I panic and fall into an 'oh my gawd, where's my perfect outfit, how can I appear like I have it all together, am I bowing correctly?' inner dialogue and I begin panting at the mouth to get that pretty crown back where it belongs...on my too small head where it can then slip down my face and become an akward collar that makes it difficult for me to turn my neck and shift perspective.
It's a obnoxious little scenario.

So, what has got me all up in a tizzy this time?
Why did I decide I needed to quit drinking?
For one, I was finding myself thinking about having a beer as soon as I walked in the door instead of wanting to hug my son and boyfriend.
That's a problem.
I was feeling as if I couldn't possibly be good company without it and I've been abusing alcohol that way since I left my Ex-husband almost 4 years ago.
I made no apologies for becoming a manic drunk right after I left him...in fact I made it my mission to overindulge in everything.
Beer. Whiskey. Men. Candy.
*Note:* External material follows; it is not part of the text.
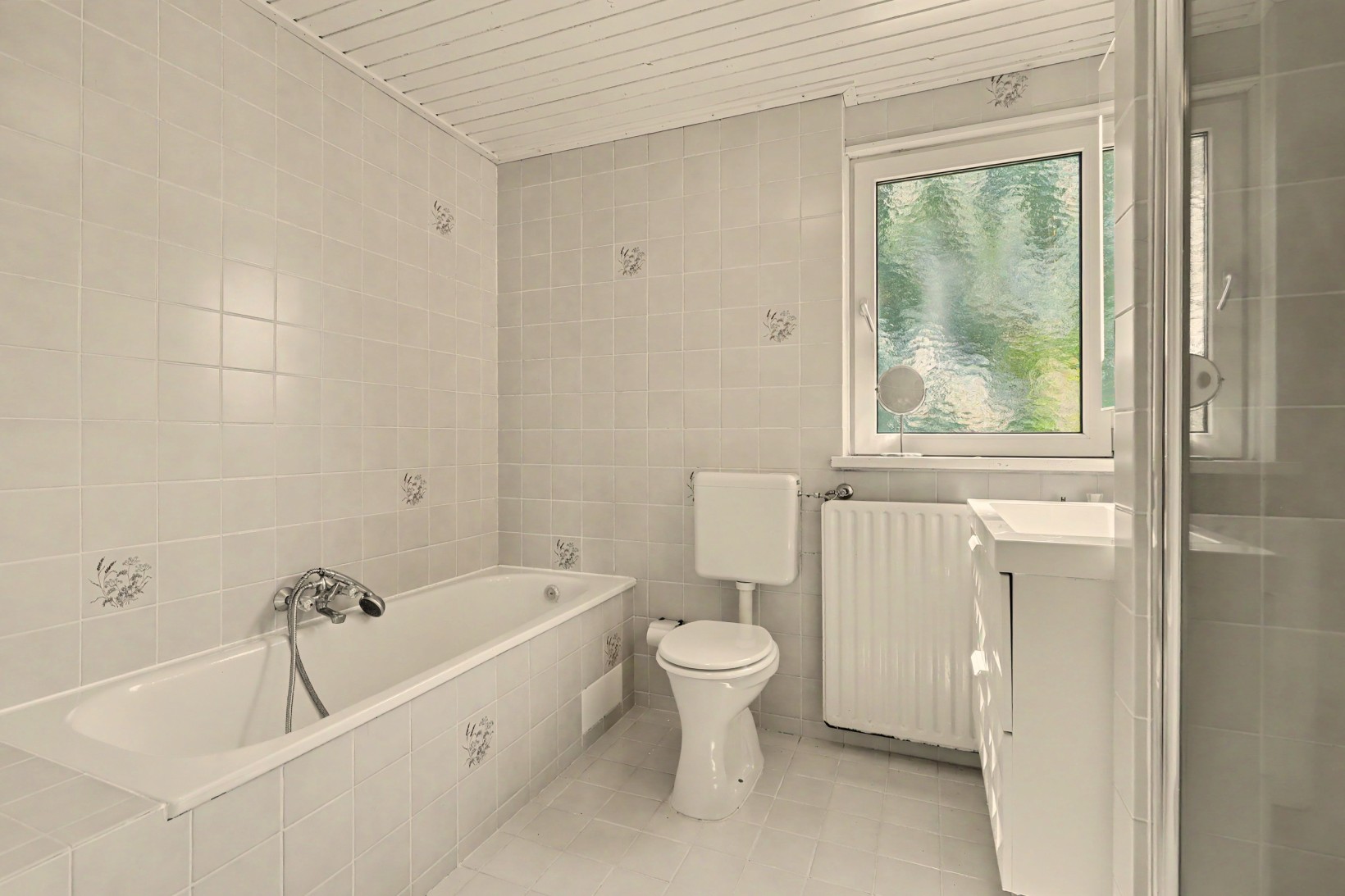 Tussenwoning te koop: Zwanensingel 16, Velp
Clothes. 
If I wanted it...I was going to have it.
I could have handled myself with more grace but I didn't and that's ok because I learned a lot about myself from those experiences:
sex doesn't equal love, sleeping with all your friends is fun but it always creates drama, eating sugar all the time makes me moody but drinking? 
Well...I just gained an unhealthy routine and when your son begins lecturing you about drinking too much beer you can't NOT stop and pause and go 'oh, shit...there's many things I hope my son will carry as memories but watching me open a beer before sitting down to ask about his day shouldn't be one of them'.
So, I berated myself as a failure and decided I would remake myself as Super Mom...super yogini, super woman and a model of Sattivic purity and I hit the reinvent myself button and the lies began....
Lie #1. I am a "happy go lucky, anything goes" type.
Lie #2. I'm a bad person for drinking, especially since my job is to teach people moderation and self-acceptance.
Lie #3. The new me will love every sober minute of my life.
Awwww...Fucking Hell, already.
What a bunch of crappola.
Seriously.
I'm a girl who needs stability, moderation and self acceptance not a bunch of 'throw the old me away and be a shiny new version of the girl I used to know' so I decided to put the brakes on all of it.
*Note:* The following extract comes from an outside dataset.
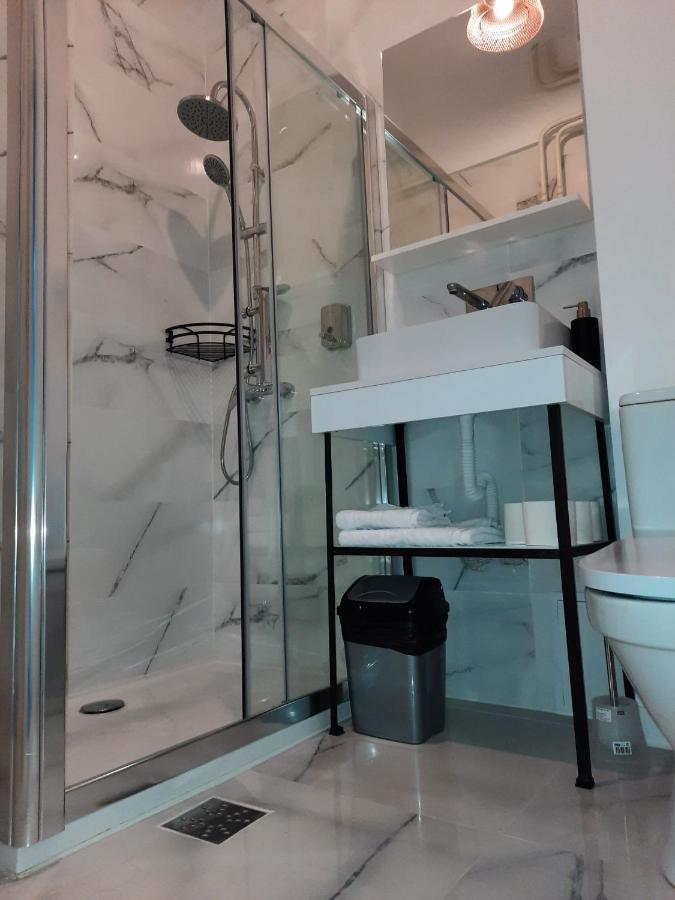 Luxury City Center Apartment - Garofita Romana Bucarest Esterno foto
My practice is moderation and awareness not attachments to perfection and adversity to being human.
I'm human. My hair is greying. My face is showing the signs of loving sunshine, beer and smoking cigarettes when I was younger but I have grown up. That's all. So? I'm not going to quit drinking, I'm going to eat meat now and then when it's offered to me and sometimes I'm going to buy crap I don't need but it's fine.
It really is.

I have spent the past few weeks looking at why I want what I want.
What benefit will I gain and the reality is it's freakin hard to live with awareness and I'm not going to do it well ALL THE TIME but I do enjoy challenge and I know it's good for me.
That's how I grow...when I have that inner impulse that says 'just chug the damn beer' or 'buy the Long Johns with pictures of foxes on them and do it right now'...it's a challenge to pause before just going for it but it's also a habit that's actually easy to embrace.
It really is simple.
Stop. 
Breathe.
Easy.
I just forgot for awhile.
So, I'm back to practing what I preach and doing it before the temptations raise their jazz hands with a 'look at me' exuberance.
So far so good.
The loved ones are loved first when I come home and if I want a beer at the end of the day...I might have it.
It's ok.
I am ok.
And the Long John's with the foxes on them...well, they are nice and cozy in my closet.



Friday, November 14, 2014

I'm the Dragon Lady.

Why do we think it's so bad to be angry?

A few weeks ago, I shared my anger regarding a young man who was standing on the corner with a sign that said "You deserve Rape" on one side and "Whore" on the other. I was angered that as I was just trying to make a left turn to go grocery shopping I was suddenly confronted with a huge sign that said I deserved to be raped. 
I was also angry that a woman who was also just trying to walk to class was suddenly visually assaulted with a peer holding a sign sending her the same message. I was angry that parents would have to explain the "what is rape, Mommy" to their kids so I FBed about it.
I didn't expect it to make this guy's sign disappear by posting about it but instead of quietly putting my anger to the side and saying he doesn't deserve my time...I decided that indeed he did. I received a lot of feedback and it was all helpful for me to process my unexpected emotions but my anger wasn't consuming me or causing me torment. It was anger. I stated it and I had no ill will against him however not everyone interpreted it that way.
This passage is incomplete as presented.